We've had three hours of nonstop thunderstorms going now, and my poor dog is going bonkers. 

Usually a few minutes before the storm comes, she starts panting heavily, pacing around nervously and the she starts shaking to the point of being able to see it across the room. The tail is between her legs and she tends to cling to our sides. On a couple of occasions when it happened when we weren't home, there was a little destructiveness evident as if she was desperately trying to get out and find us.

We've tried a few things and nothing seems to work. Once our vet suggested we try a sedative when we know it's coming, but all that did is make her uncoordinated as if she was heavily "drunk" -- but didn't calm the nerves at all. 

Has anyone had a dog with a really bad case of thunderstorm fear and found something that works well? I've tried a few things including Rescue Remedy but nothing seems to calm the fear.


----------



## DaneMama (Jun 27, 2008)

Do you comfort her at all when these storms happen?


----------



## ziggy29 (Feb 1, 2010)

danemama08 said:


> Do you comfort her at all when these storms happen?


Nope.

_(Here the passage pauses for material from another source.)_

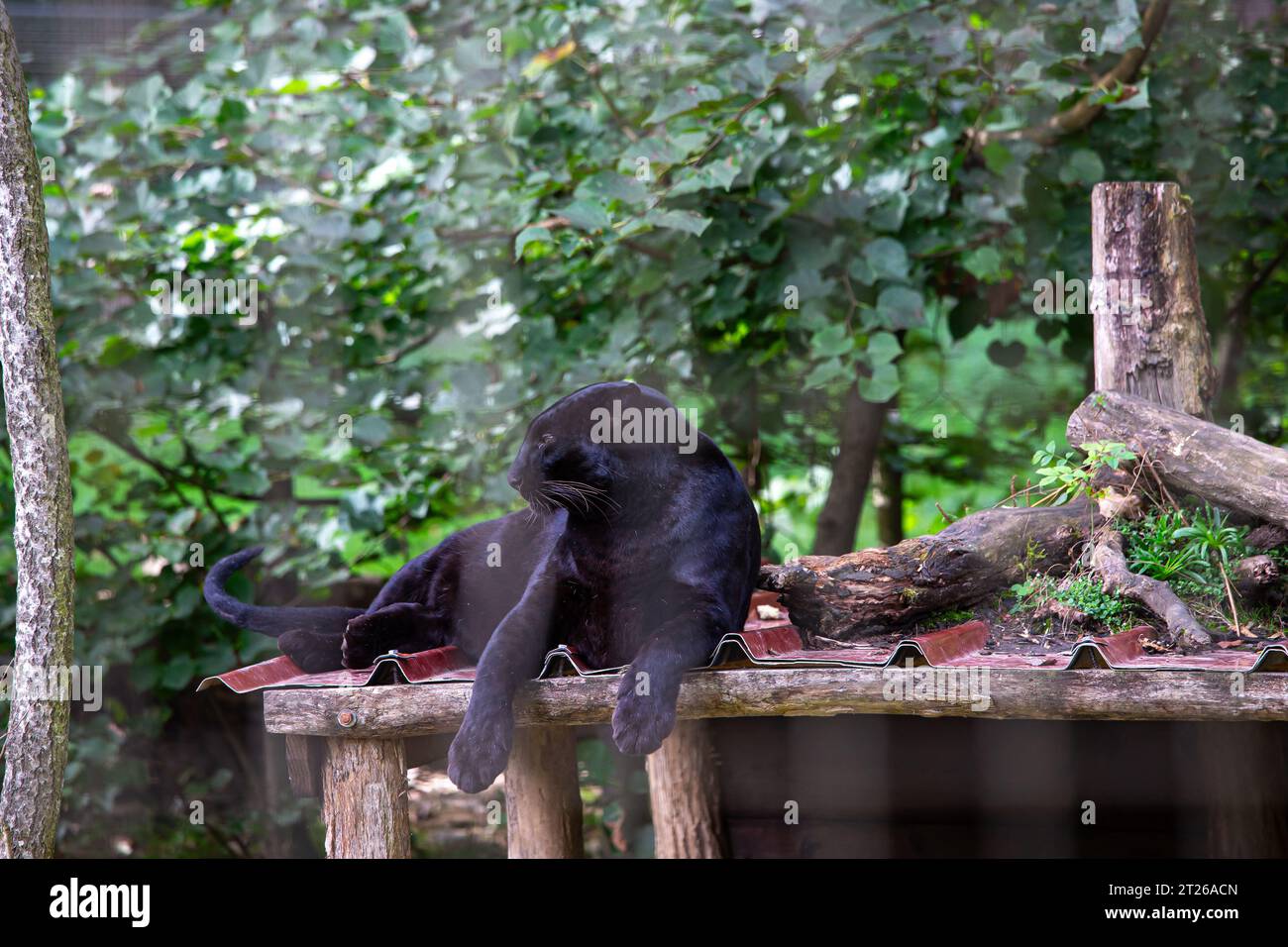 black panther sleeping in a park Stock Photo Alamy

Not going to enable/encourage the behavior. We adopted her when she was about 2.5 years old, so we have no idea what happened before then.


----------



## DaneMama (Jun 27, 2008)

Good. A lot of people do encourage the behavior by comforting their panicking dog.

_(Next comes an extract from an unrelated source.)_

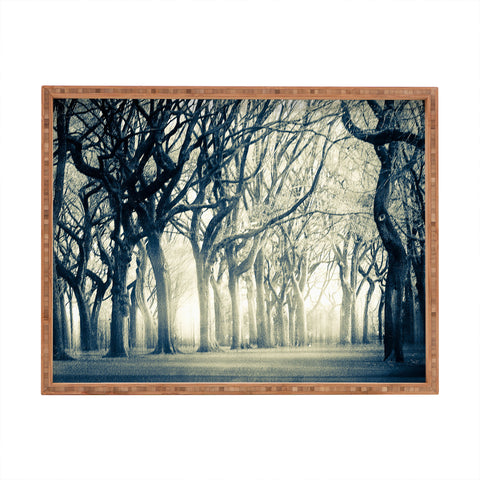 Viviana Gonzalez Forest I Rectangular Tray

Have you tried playing a favorite game or leaving to go to the park during the storm?


----------



## luvMyBRT (Mar 8, 2010)

My parents had a Standard Poodle that was terrified of thunder storms. Acted the same way. 

I agree and would try to do something fun that she enjoys. Play with a favorite toy, play ball, go for a ride in the car, go for a walk if you can, etc. Once she is having fun and is relaxing then reward her.


----------



## ziggy29 (Feb 1, 2010)

danemama08 said:


> Have you tried playing a favorite game or leaving to go to the park during the storm?

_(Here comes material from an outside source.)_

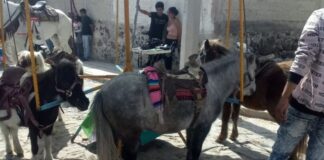 Denuncian carrusel con ponis en Feria de Cuautinchán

Yes to the former, no to the latter (she wants nothing to do with leaving the house when these hit). But whatever we do, she just continues to pant and shake. She wants nothing to do with anything when she's in that mode. Even her favorite treats in the world might as well be invisible when she's acting that way.



saraj2878 said:


> Play with a favorite toy, play ball, go for a ride in the car, go for a walk if you can, etc. Once she is having fun and is relaxing then reward her.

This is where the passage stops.